We found out last month (September) that Daddy Big Feet will be deployed from mid October this year (2018) to the end of March next year (2019). 5 months. This was fairly last minute and particularly difficult as he found out a couple of days before he was due to fly overseas for work. So he was away for the majority of September as well.

This will be the first time Little Feet A and B will experience him being away for an extended period of time. The last time he was away for 7 months I was pregnant with Little Feet A. As this was over 4 years ago he was due another deployment. This is just how military life works. The girls are used to him being away on what we call 'long work' for a couple of weeks at a time. Months however is a different matter.

Dealing with a deployment where you only have to worry about your own emotions is hard. Spousal loneliness is hugely prevalent and rarely ever talked about. This deployment however, will be the first time I will have the emotions of two small children to counter-balance too. This is my most daunting prospect. Things such as will I have enough energy for them and how can I be the Daddy as well as the Mummy over the course of 5 months are some of my biggest worries. My Little Feet adore their Daddy and play very ‘actively’ with him. They rough and tumble constantly and this has never been my thing, even growing up as a child. I am the inventive, craftsy parent… if you hadn’t guessed that already.

Perspective

Just to give some perspective, by the end of 2018 Daddy Big Feet will have accumulatively been away with work for 5 months. The majority of this will not have been deployments, but exercises and courses. This does not include the countless working weekends and overnight work meetings during the week he has attended. By the end of March 2019 he will already have been away 3 months, not counting all the time he will do away for the rest of the year.

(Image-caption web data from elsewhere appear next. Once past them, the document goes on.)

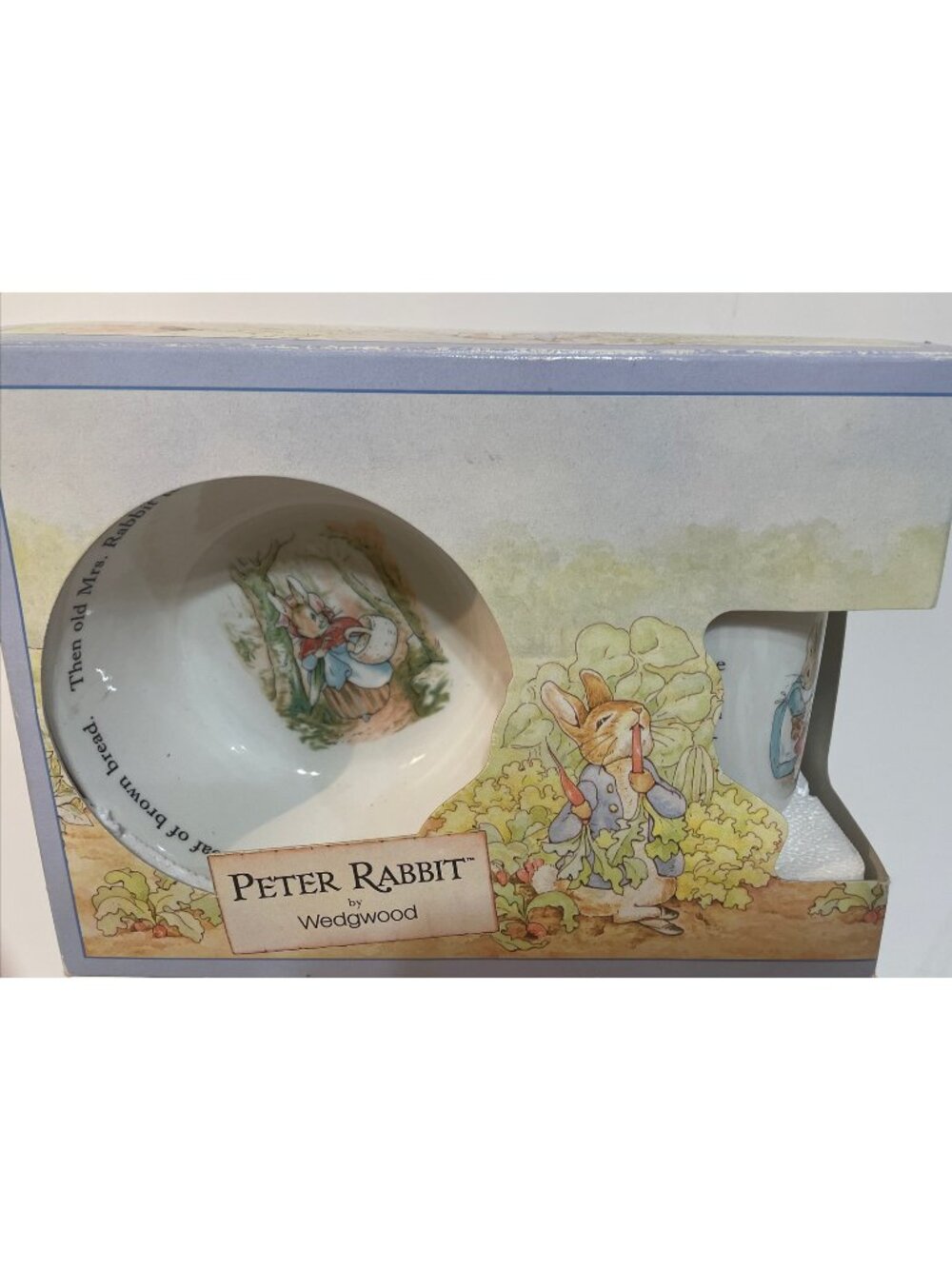 Peter Rabbit By Wedgwood 3-Piece Boxed Set Mug Plate Bowl 18cm Oatmeal English O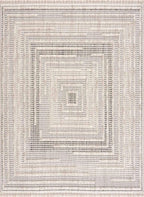 Hauteloom Lunao Farmhouse Living Room Bedroom Moroccan Square Pattern Abstract Area Rug - Soft Shaggy High Low Carpet - High Pile - Bohemian, Boho - Gray, Brown, Beige, Cream - 5'3" x 7'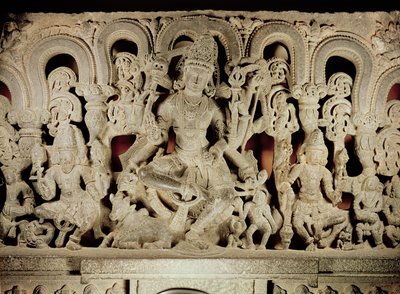 Překlad s hinduistickou trojicí z Warangalu, Andhra Pradesh, dynastie Kakatiya od Indian School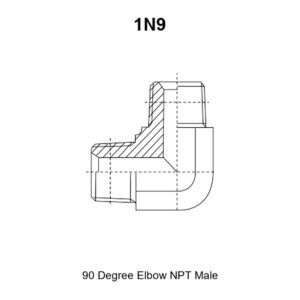 1N9 adapter drawing with the external NPT thread E on the horizontal leg, the external NPT thread F on the vertical leg and the A, B and S1 dimensions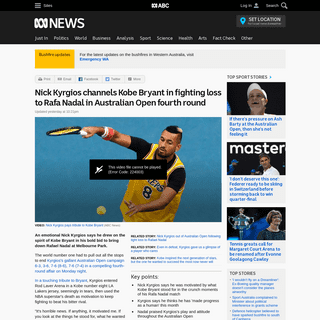 A complete backup of www.abc.net.au/news/2020-01-28/kyrgios-channels-special-kobe-in-thrilling-battle-with-nadal/11905144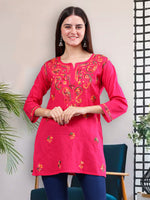 Load image into Gallery viewer, Seva Chikan Hand Embroidered Cotton Lucknowi Chikankari Top
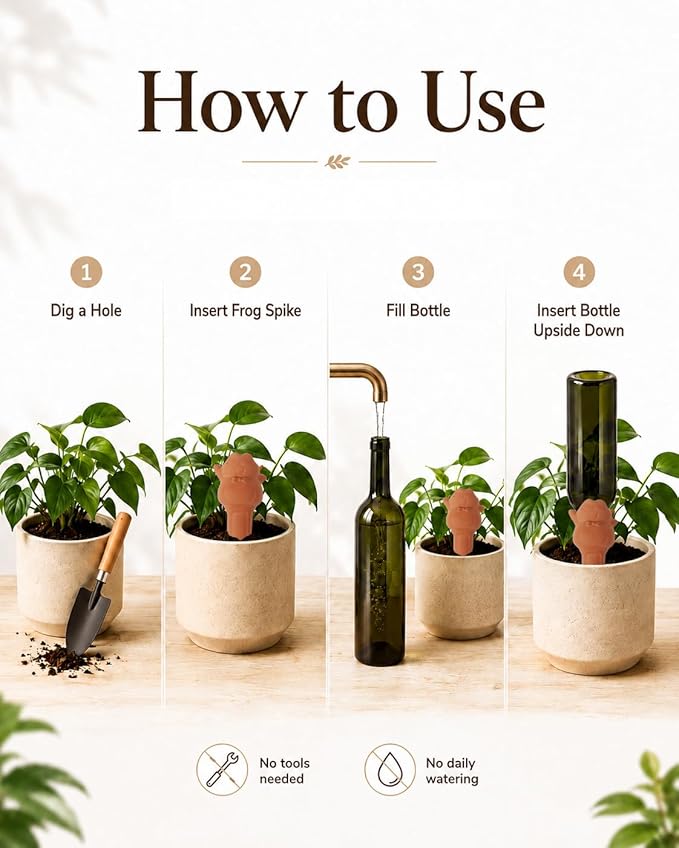 vensovo 4 Pack Terracotta Plant Watering Spikes, Cute Frog Automatic Plant Waterer, Slow Release Self Watering Stakes for Indoor Outdoor Plants, Vacation Plant Care, Fits Wine Bottles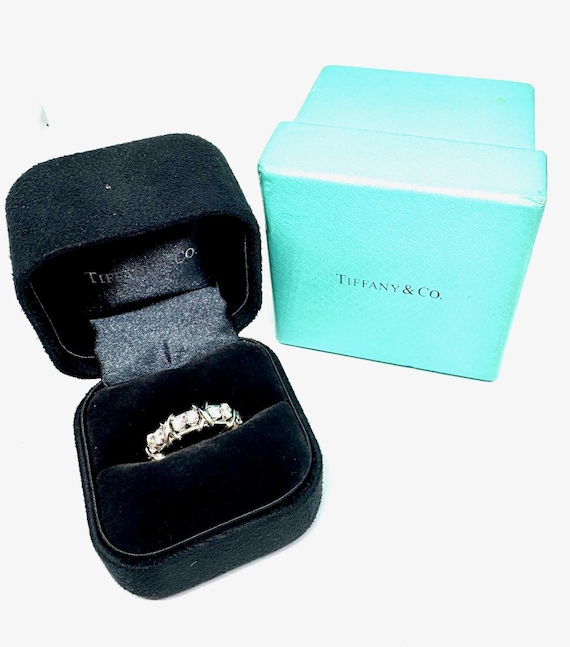 Tiffany & Co. Schlumberger Platinum 1.14ct 16 Diamond X Eternity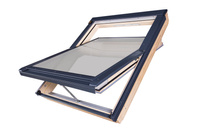 Okno dachowe Fakro FTP-V P50 APZX RAL 7016 78x98 3-szybowe drewniane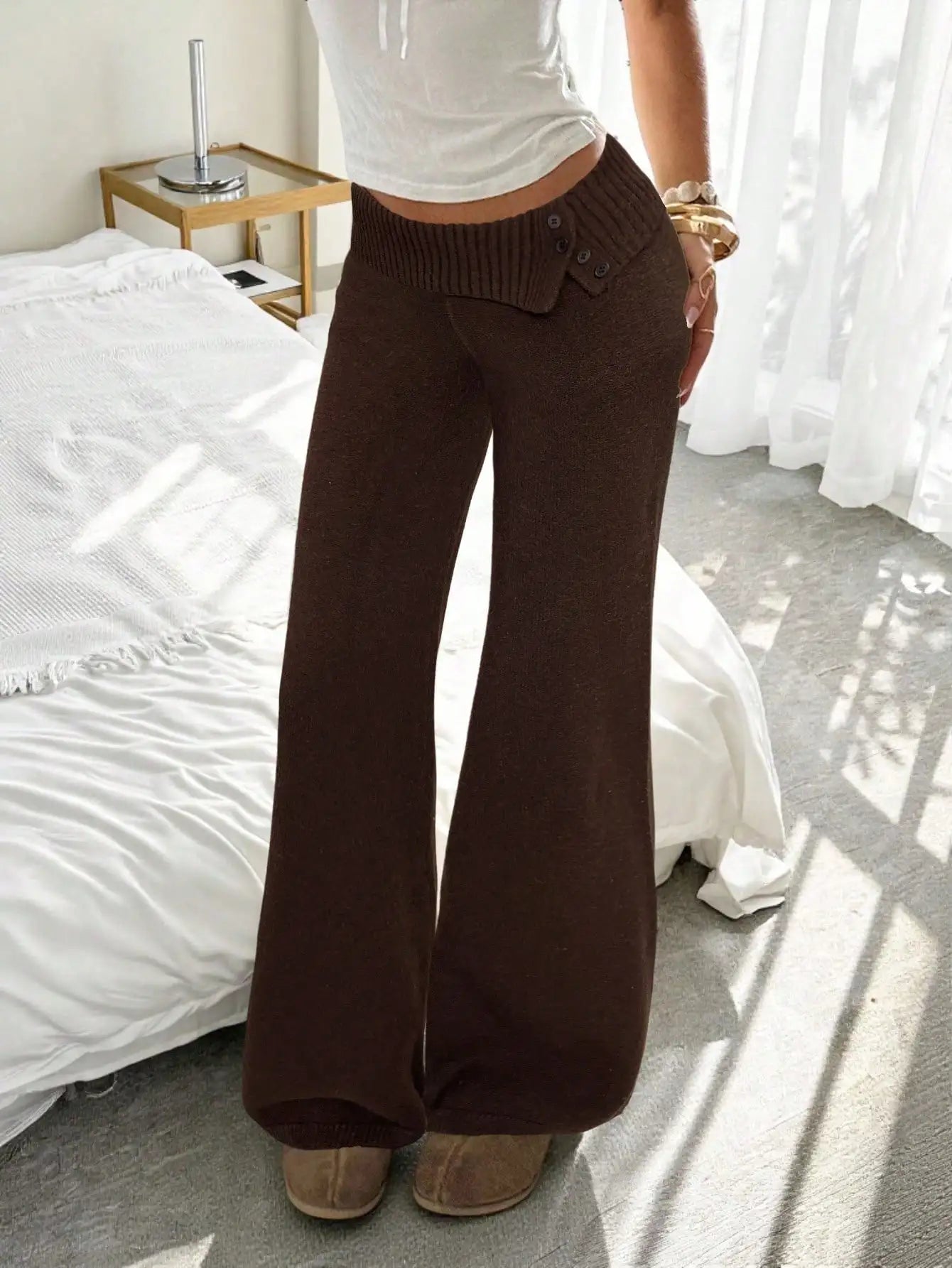 White Knit Flared Pants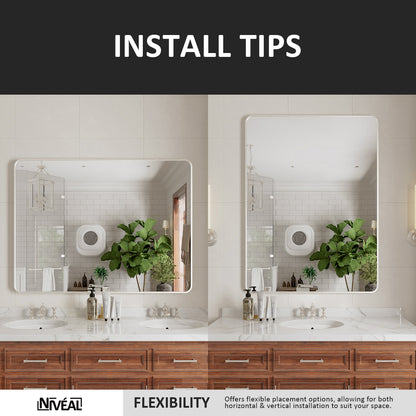 Niveal STRE Series Rectangular Framed Wall Bathroom Vanity Mirror 8-1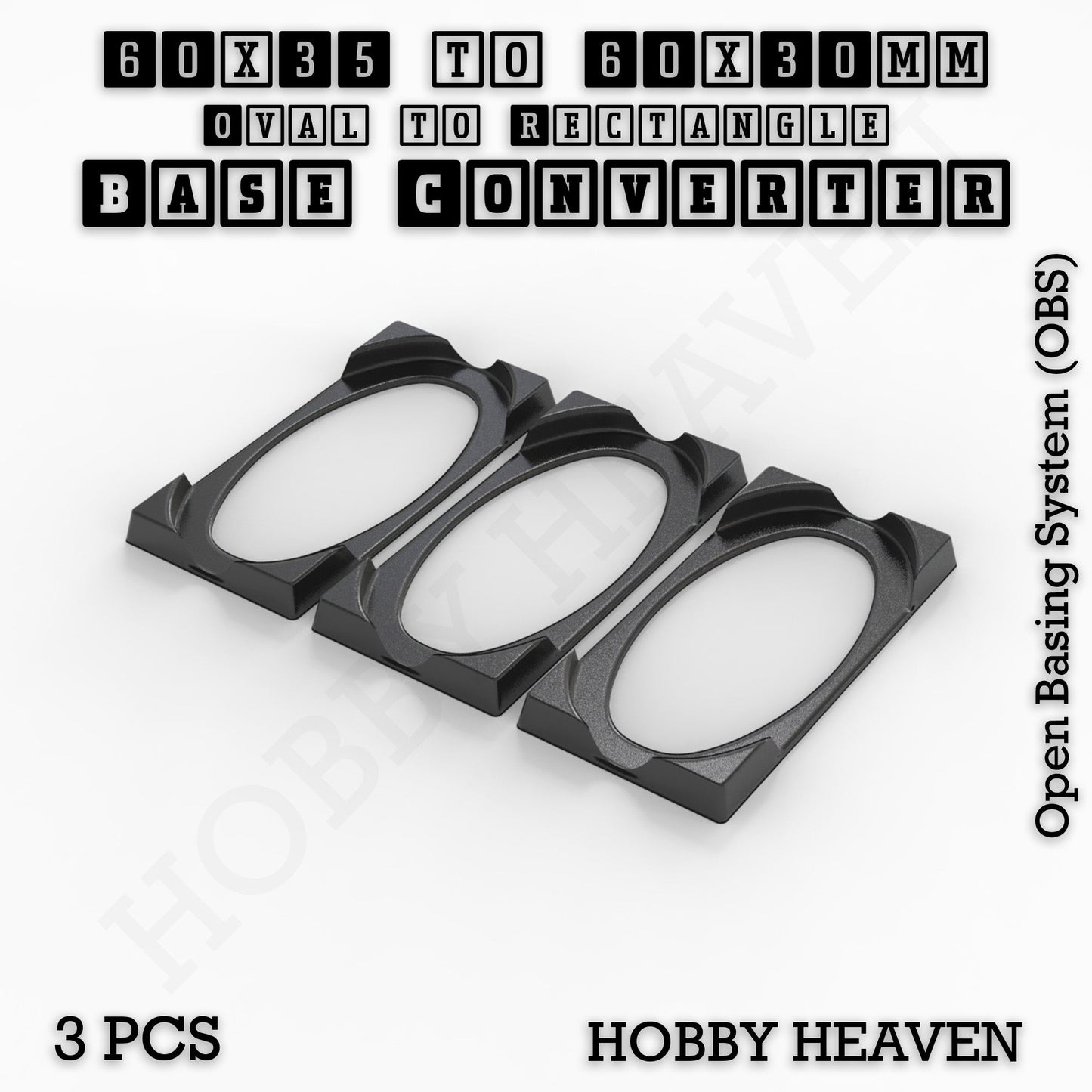 Wargaming Oval to Rectangle Base Converters – Tabletop Games | 3D Printed Tabletop Accessories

Long deployments affect family dynamics from the moment they have been announced and long after they have happened. There is suddenly a need to cherish every single moment you have together and this can be a heavy weight to burden. It can immediately affect sleeping and behaviour patterns, enforce attention to certain house demands in preparation. Though any military spouse will tell you however much you prepare, the car, washing machine, shower, dryer, sink, child’s arm/leg will all break as soon as they walk out the house on deployment.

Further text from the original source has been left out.